Merve Kavakçıyla ilgili yazısından pişman olmadığını söyleyen Ekşi, başörtülü milletvekili ile ilgili ilginç bir çıkış yaptı. CHP’li Ekşi, Meclis'te başörtülü vekilin kendisini rahatsız etmeyeceğini söyledi.

Hala O Olayın Provokasyon Olduğunu Düşünüyorum

Oktay Ekşi, 28 Şubat sürecinde Merve Kavakçı olayıyla ilgili "Canlı Bomba" başlıklı yazısının arkasında durduğunu belirterek, "Hala o olayın provokasyon olduğunu düşünüyorum." dedi. "Şimdi gelecek seçim için birçok Merve Kavakçıyı Meclis'e sokmak için hazırlanıyorlar." diyen Ekşi, başörtülü milletvekilinin kendisini rahatsız etmeyeceğini söyledi. CHP’li Ekşi şöyle devam etti: Artık hepimiz belli bir değişim sürecine tabiiyiz. Taş değilim, elbette toplumun içindeki olaylar beni de etkiledi. Elbette Meclis içinde o hanımefendi keşke Cumhuriyet'i kuran temel değerlere uygun bir şekilde bulunsa diye içimden geçiririm. Ama saygımda kusur etmem... Gönlüm istemez, üzülürüm. Fakat "Bu Hanım burada ne geziyor?" da diyemem. Diyeni de kınarım.

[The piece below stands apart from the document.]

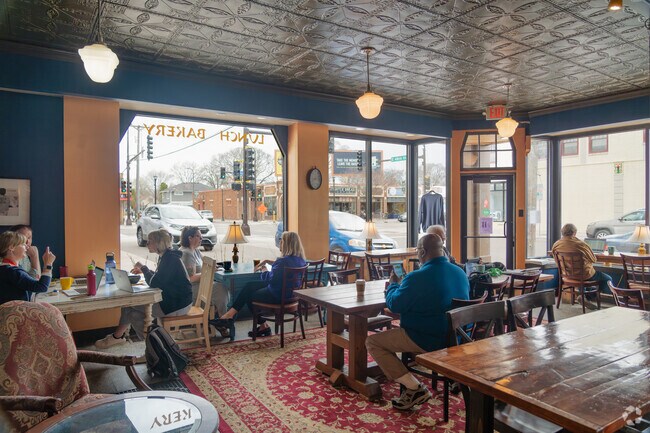 Sovereign Ground Coffee Company is a retailer, roaster, & brand of specialty coffee since 1999.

Çünkü kabalıktır. Böyle bir şeye hakkımız yok.

“Az Demişiz” Yazısından Pişman mı?
 
Oktay Ekşi'ye Başbakan ile davalık olduğu “Az Demişiz” yazısı da soruldu. Yazıyı yazdığında okuyuculardan ve meslektaşlarından hiçbir tepki almadığını belirten Ekşi, “Asıl vaveyla Başbakan'ın sözlerinden sonra koptu.” diye konuştu. Oktay Ekşi şöyle devam etti: 28 Ekim'de hiçbir şey yokken 29'unda vaveyla kopunca dedim ki yarınki yazımın altına bir özür metni koyar, rencide edilmiş insanlardan özür dilerim. Niçin insanları rencide edeyim ki? Zaten hiç kimsenin böyle bir hakkı da yok. Ancak Başbakan “Ben savaş ilan ederim” filan diyince çalıştığım grubun başına neler geleceğini dikkate alarak ayrıldım.

“Bugün Olsa O Yazıyı Yazmazdım”
 
Balçicek İlter'in o yazı için “Bugün olsa yazar mıydınız?” sorusuna ise Ekşi şöyle cevap verdi: Ben bu olayda kimseyi suçlamıyorum. Aydın Bey en uygun tavrı gösterdi. Ben de kendime düşeni yaptığımı düşünüyorum. Başbakan da bir siyasetçidir, beni tasfiye edebilecek bir fırsat doğdu ve bu fırsat kullanıldı. Sadece keşke bu işe zarafet egemen olsaydı diyebilirim. Bugün, o tepkileri yaşamış bir insan olarak o yazıyı yazmazdım diyebilirim. Onun yerine başka bir cümle, başka türlü bir vurucu ifade kullanabilirdim. Çünkü tekrar ediyorum, niçin ben insanları rencide etmiş olayım?

“Başbakan Benim Yüzüme Bile Bakmadı”
 
Adnan Menderes gazetecileri, özellikle de muhabirleri haşere gibi görürdü. Şimdi Başbakan'ın bakışından da aynısını hissediyorum. Ben kaderin cilvesiyle meclisin en yaşlı üyesi olarak meclisi açtım. Bu vesileyle herkes gibi Başbakan da geldi, yemin etti. Mecliste eskiden Meclis Başkanlık Divanı'na bir saygı göstergesi olarak selam verilirdi. Başbakan selam vermedi, tam tersine benim bulunduğum tarafa bakmadı bile. Yüzünden akan ifade “bu burada da mı karşımda” diyen bir ifadeydi. Hiçbir şey hissetmedim, olayı hiçbir şey hissetmeye değer bulmadım. Sonrasında hiç karşılaşmadık. Sadece bir kere Darüşşafaka'nın genel kurul töreninde bir konuşma yaptığında ben de karşısında oturuyordum.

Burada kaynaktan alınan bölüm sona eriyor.